Portrait au vitriol de Valls, ses contradictions et ses retournements de veste (Médiapart)
Le retour de Manuel Valls, symptôme d’un climat délétère
Par Ellen Salvi
À un an de la présidentielle, Manuel Valls quitte Barcelone pour renouer avec la vie politique française. Fort de ses crispations identitaires, de son aptitude à se couler dans l’agenda idéologique de l’extrême droite et de son absence totale de cohérence, l’ancien premier ministre s’inscrit parfaitement dans l’air du temps.
Il y a des responsables politiques qui font des choix et qui s’y tiennent. Et puis, il y a Manuel Valls. Beaucoup de choses ont été écrites sur le passage à Beauvau puis à Matignon de l’ancien socialiste : son démantèlement minutieux de la gauche plurielle, ses crispations identitaires, ses coups de menton sécuritaires, ses revirements, son usage immodéré du 49-3 et ses innombrables expressions incendiaires – sur les Roms qui auraient « vocation à retourner en Roumanie ou en Bulgarie », sur la « guerre de civilisation », la « culture de l’excuse » ou la « société de l’assistanat » – qui ont rendu insupportable le simple fait de l’entendre dire qu’il est « de gauche et fier de l’être ».

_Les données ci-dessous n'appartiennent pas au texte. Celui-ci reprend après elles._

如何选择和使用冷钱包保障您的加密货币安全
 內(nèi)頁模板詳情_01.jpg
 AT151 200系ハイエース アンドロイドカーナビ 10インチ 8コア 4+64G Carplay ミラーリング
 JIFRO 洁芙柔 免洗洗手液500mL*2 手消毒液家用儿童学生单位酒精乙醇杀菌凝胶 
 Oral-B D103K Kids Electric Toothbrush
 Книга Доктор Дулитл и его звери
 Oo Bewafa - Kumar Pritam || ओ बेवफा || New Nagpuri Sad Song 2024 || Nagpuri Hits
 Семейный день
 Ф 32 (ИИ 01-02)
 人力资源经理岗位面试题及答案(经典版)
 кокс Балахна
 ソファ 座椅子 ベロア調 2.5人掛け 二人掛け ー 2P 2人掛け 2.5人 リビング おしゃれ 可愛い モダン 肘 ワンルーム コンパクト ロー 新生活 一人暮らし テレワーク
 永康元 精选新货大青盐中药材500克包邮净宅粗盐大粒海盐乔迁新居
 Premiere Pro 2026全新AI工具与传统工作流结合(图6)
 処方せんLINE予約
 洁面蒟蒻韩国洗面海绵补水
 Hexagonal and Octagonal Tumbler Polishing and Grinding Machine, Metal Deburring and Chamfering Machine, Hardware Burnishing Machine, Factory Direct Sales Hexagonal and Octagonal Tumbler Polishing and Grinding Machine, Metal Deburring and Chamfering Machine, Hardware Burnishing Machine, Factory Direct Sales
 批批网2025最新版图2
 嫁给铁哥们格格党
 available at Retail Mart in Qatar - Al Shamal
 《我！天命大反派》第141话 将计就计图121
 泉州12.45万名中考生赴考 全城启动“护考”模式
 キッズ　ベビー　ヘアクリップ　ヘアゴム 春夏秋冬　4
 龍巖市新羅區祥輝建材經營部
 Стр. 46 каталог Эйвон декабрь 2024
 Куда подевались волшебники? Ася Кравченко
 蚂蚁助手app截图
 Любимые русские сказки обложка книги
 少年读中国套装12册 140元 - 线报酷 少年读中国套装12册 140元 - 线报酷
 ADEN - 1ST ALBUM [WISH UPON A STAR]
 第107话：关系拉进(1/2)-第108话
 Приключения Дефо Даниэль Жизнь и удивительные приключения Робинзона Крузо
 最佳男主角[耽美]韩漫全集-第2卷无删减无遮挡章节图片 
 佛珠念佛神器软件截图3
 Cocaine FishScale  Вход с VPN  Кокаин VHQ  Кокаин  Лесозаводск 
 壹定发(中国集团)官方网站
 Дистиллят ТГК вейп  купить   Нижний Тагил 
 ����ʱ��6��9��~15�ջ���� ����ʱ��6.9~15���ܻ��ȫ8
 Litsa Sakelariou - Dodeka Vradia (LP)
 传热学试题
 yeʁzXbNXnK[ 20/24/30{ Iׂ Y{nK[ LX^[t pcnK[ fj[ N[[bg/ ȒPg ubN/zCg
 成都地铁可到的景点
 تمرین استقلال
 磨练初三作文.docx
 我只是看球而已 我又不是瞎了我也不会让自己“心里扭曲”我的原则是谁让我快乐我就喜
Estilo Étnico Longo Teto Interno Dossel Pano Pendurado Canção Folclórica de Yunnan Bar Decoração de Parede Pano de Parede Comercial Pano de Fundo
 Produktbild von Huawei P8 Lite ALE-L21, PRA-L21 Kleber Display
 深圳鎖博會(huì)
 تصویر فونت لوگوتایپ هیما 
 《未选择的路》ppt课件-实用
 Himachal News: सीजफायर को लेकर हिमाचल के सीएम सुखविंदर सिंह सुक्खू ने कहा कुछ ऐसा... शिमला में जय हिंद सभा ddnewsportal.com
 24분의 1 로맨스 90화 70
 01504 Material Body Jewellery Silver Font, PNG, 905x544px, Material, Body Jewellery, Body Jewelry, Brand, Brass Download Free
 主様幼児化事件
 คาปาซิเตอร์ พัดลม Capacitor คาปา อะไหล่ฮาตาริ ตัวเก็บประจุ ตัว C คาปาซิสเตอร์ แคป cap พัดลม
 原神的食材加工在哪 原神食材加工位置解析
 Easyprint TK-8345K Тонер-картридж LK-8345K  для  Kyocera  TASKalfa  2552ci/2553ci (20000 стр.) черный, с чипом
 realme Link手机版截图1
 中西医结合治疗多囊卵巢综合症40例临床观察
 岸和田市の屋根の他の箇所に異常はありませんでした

On aurait pu imaginer que sa défaite à la primaire socialiste de 2017, son élection sur le fil aux législatives suivantes et l’abandon de son mandat en rase campagne un an plus tard tourneraient la déjà trop longue page Manuel Valls en France.
À l’automne 2018, lorsque l’ancien premier ministre, fatigué de ses vaines tentatives d’entrisme dans l’écosystème macroniste, est parti tenter sa chance à Barcelone (Espagne), une lueur d’espoir a en effet surgi. Après tout, il l’avait dit et répété : « quoi qu’il arrive », il resterait là-bas. Mais, une fois de plus, c’était un mensonge. Manuel Valls revient.
Il fallait s’en douter. Car avant d’avoir juré, la main sur le cœur, qu’il en avait « terminé » avec la vie politique française, l’ancien premier ministre avait déjà renié plus d’une promesse. En janvier 2017, il s’engageait par écrit à soutenir le vainqueur de la primaire socialiste. Deux mois plus tard, il ralliait Emmanuel Macron.
En juin de la même année, il faisait campagne dans la première circonscription de l’Essonne sous les couleurs de la majorité présidentielle, en distribuant des tracts sur lesquels on pouvait lire : « Toujours avec vous ! » Un an plus tard, il démissionnait de son mandat de député.
Manuel Valls à Barcelone, en octobre 2019. ©️ Xavier Bonilla/NurPhoto via AFP
C’est donc presque naturellement que Manuel Valls quitte aujourd’hui le conseil municipal de Barcelone, où il siégeait dans l’opposition depuis deux ans – ses tout petits 13 % de suffrages exprimés l’ayant contraint à revoir ses rêves espagnols à la baisse. « Cette étape de ma vie est terminée », a-t-il récemment confié au quotidien La Vanguardia, au grand bonheur de la chaîne de télévision catalane TV3, qui lui a fait ses adieux en chanson.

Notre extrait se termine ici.